How to choose an optimal time increment?

Submitted by jw851602 on Tue, 01/28/2014 - 10:33

Hello,

I'm thinking about how to choose the optimal time increment for my simulations. I set up a very simple testcase in order to study the behaviour of contact interaction between particles and STL-geometries, defined as wall.
Video: http://www.youtube.com/watch?v=IBf3vUwHh-w
First, I calculated the timestep as provided by many posts in this forum with the formula dt = 0.2*dt_rayleigh:
r = 0.005
rho = 8000
Y = 5e6
nu = 0.3
G = Y/(2*(1+nu)) = 1923076.92

dt = 0.2*PI*r*sqrt(rho/G)/(0.1631*nu+0.8766)
dt = 0.00021893

So, I choose dt = 0.0002 in my simulation.
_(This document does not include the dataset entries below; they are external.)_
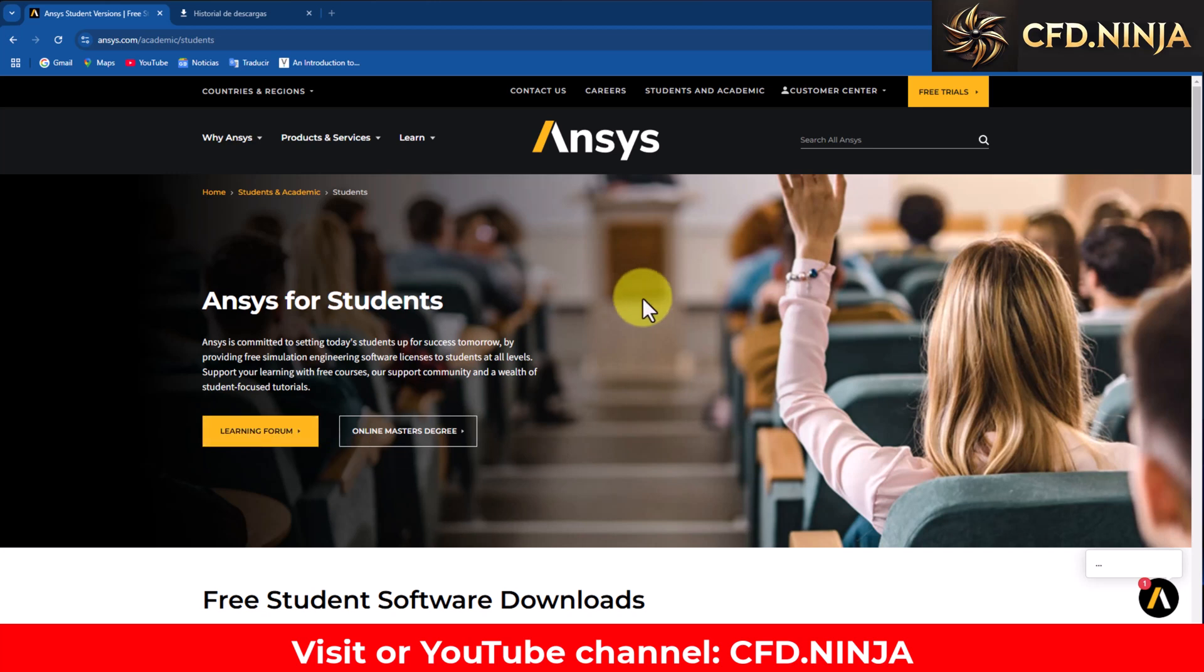Hello everyone, today we are going to install the new version of Ansys that came out this month, which is version 2025 R1.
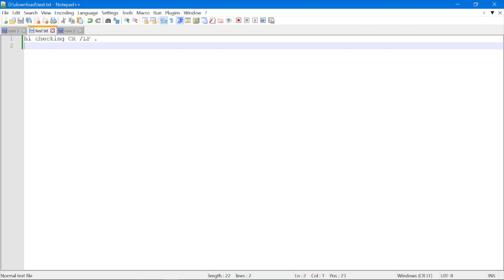In this session, we are going to see how we can display the newline characters using Notepad++ and how we can convert the newline character of one platform to another platform — meaning the newline character of Windows to Linux, or to Mac, or vice versa.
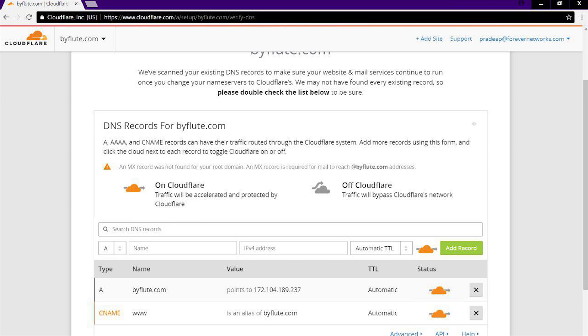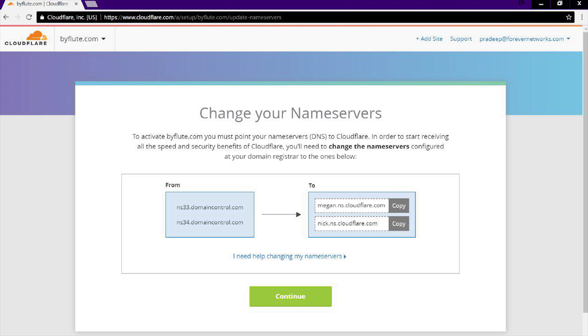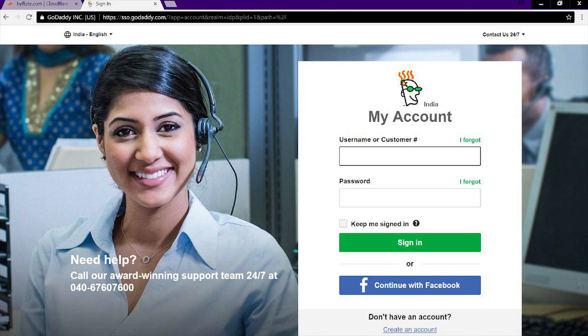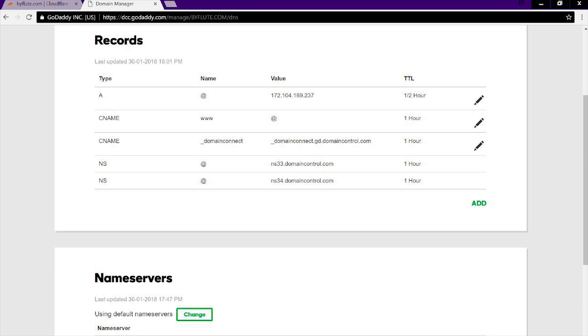What you need to do is copy these two DNS records, open a new tab, and go to your domain registrar — the person that you bought a domain from. In our case, it's GoDaddy. Once you log into your GoDaddy account, select your domain, select your DNS settings, and then in your nameserver settings, enter the DNS records that you copied from Cloudflare.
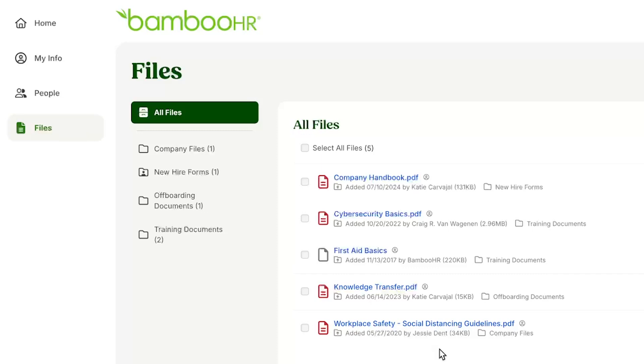These files could include benefits provider information, an employee handbook, company style guides, or any other documents that pertain to your organization.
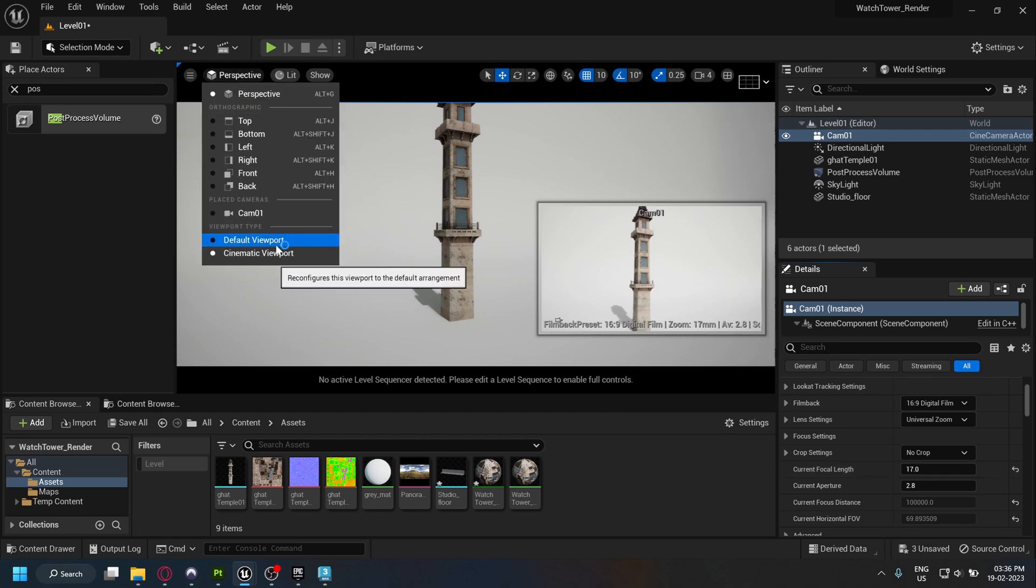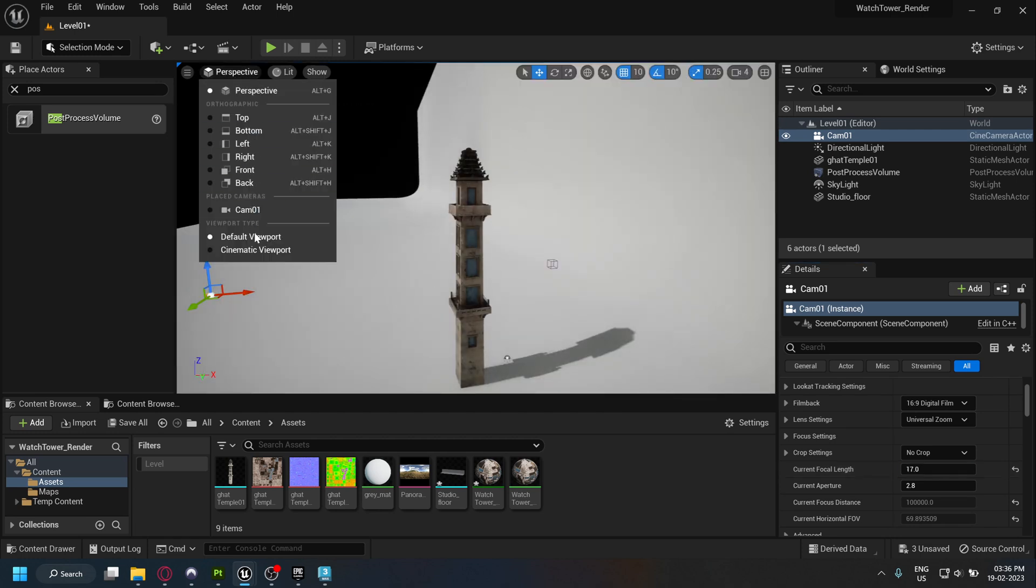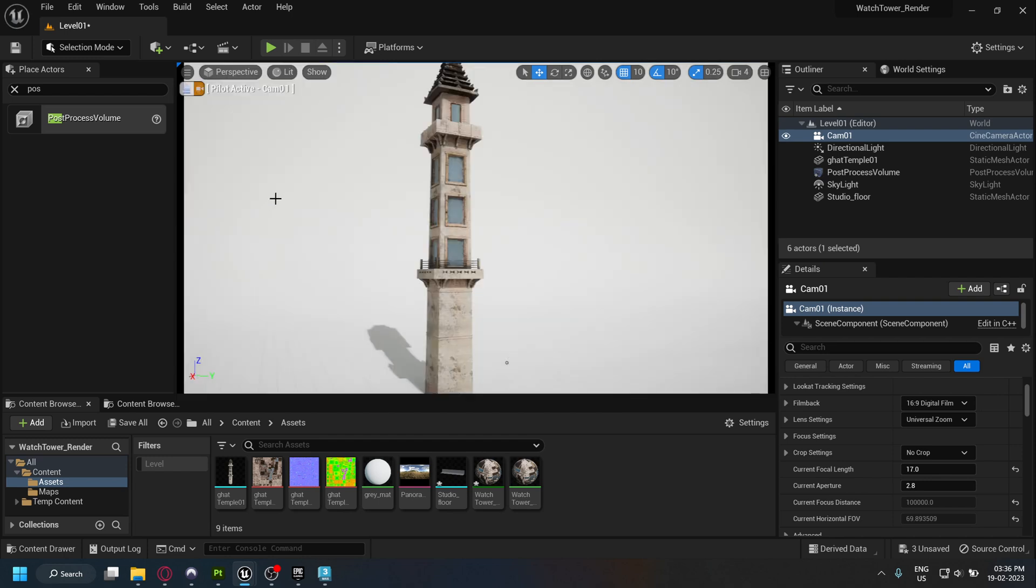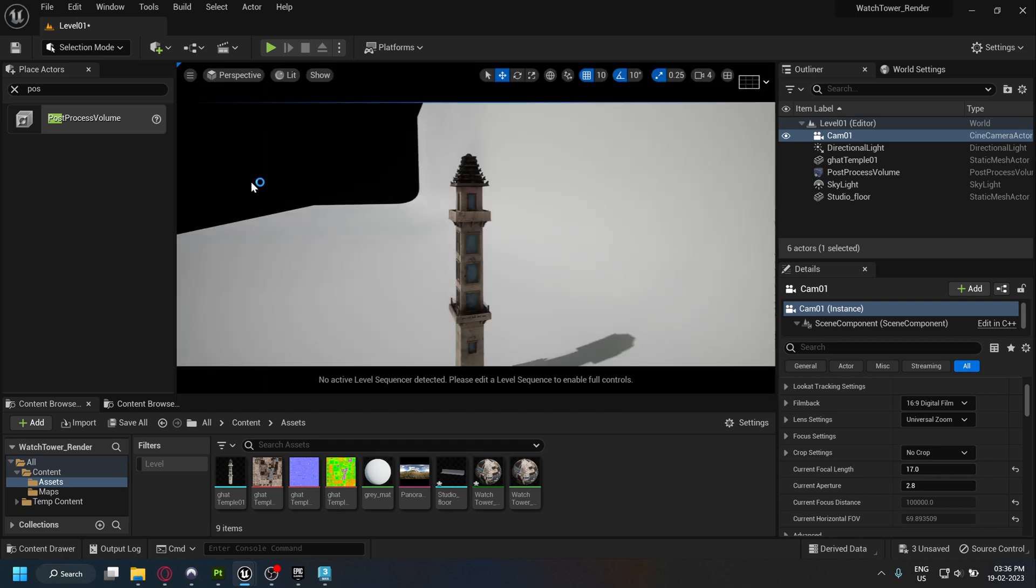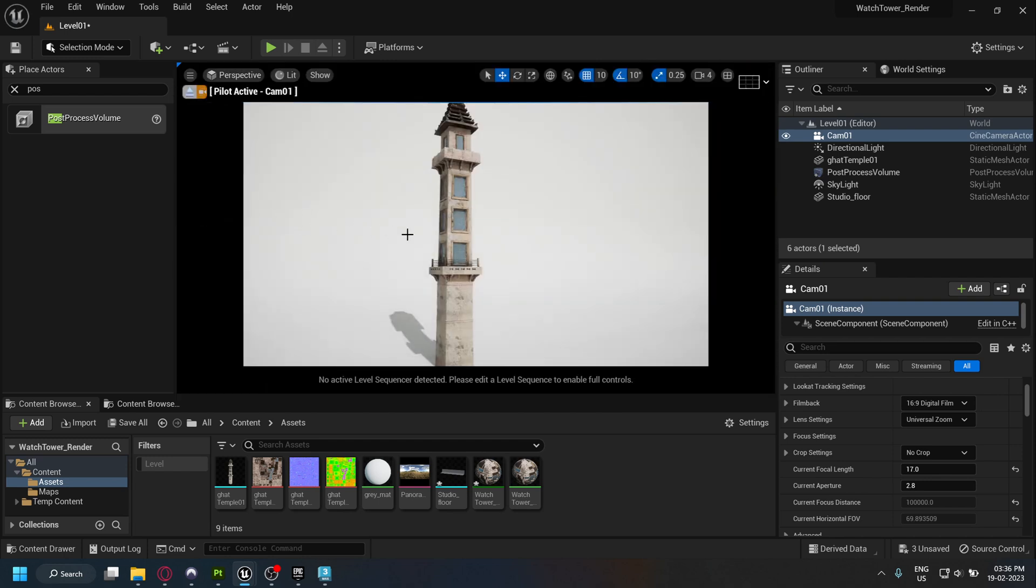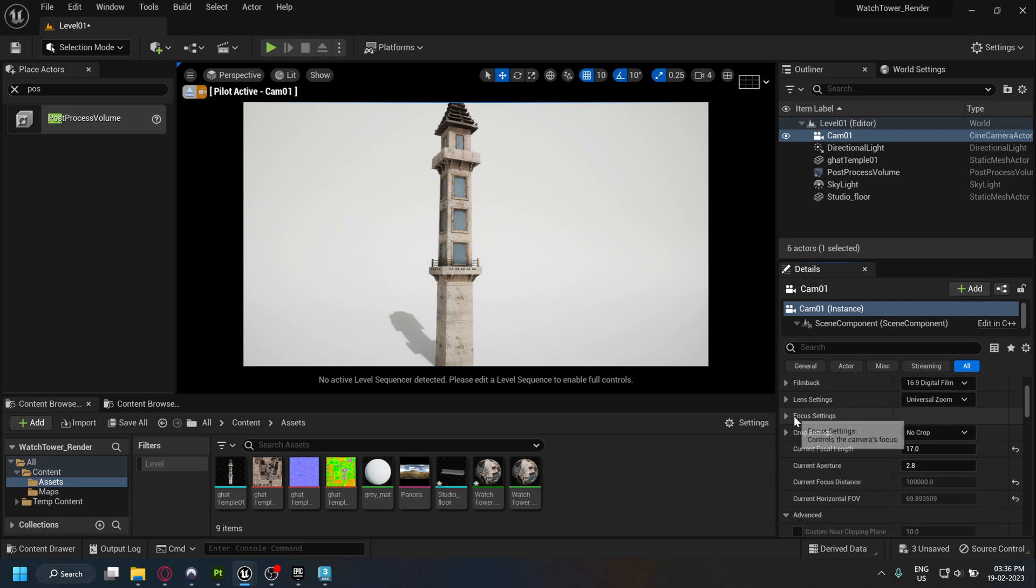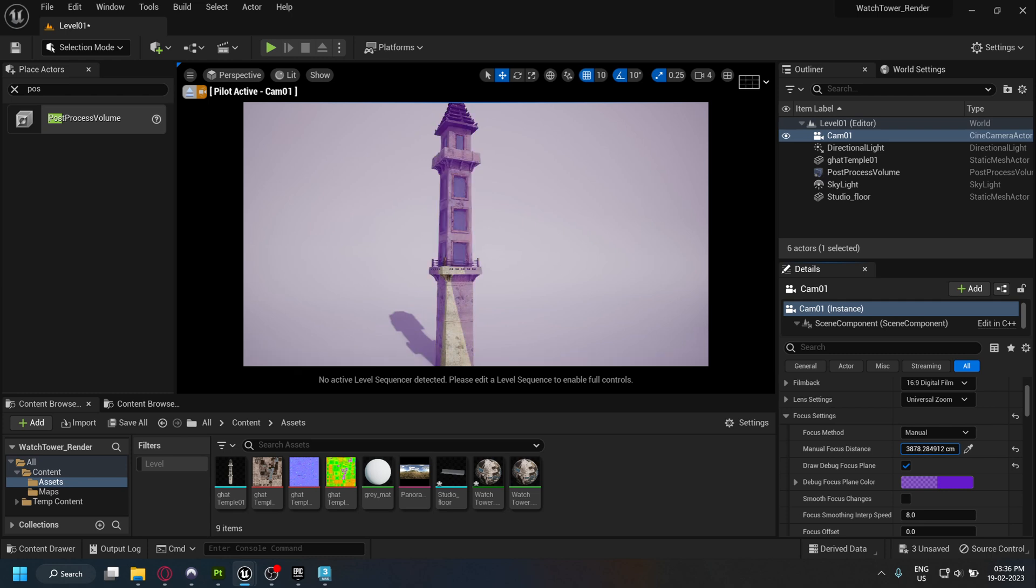Now select your camera. Under the focus settings, you can change your manual focus distance until your asset is in focus. Use the debug plane to adjust this value and turn it back off.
If I plot the z-Coordinate of the bouncing particle I can see an instability (see Fig.1).
For this reason I halve the time increment and use dt = 0.0001. Now it seems to run stable (see Fig.2).
Are there any explanations for this behaviour and any more hints how to choose an appropriate time increment when using STL-geometries in the simulation?
Thank you!

Best regards,
Jan

AttachmentSize
Image icon instable22.87 KB
Image icon stable28.22 KB

cstoltz | Tue, 01/28/2014 - 12:57

What version of LIGGGHTS are you using? Try setting 'neigh modify delay 0'. This seems to significantly improve stability for some simulations, though will cost you a bit in terms of performance.

Regards,
Chris

aaigner's picture

aaigner | Tue, 01/28/2014 - 14:07

Hi!

20% of the Rayleigh time step is somewhat high. The simulation may fail.. in your case it failed ;-). Apparently, the bouncing particle moved too far in one timestep and the particle-wall contact was not resolved correctly.
I would stick to a maximum of 10%. In general you can use the fix check/timestep/gran command to check your time step. It also checks the Hertz time.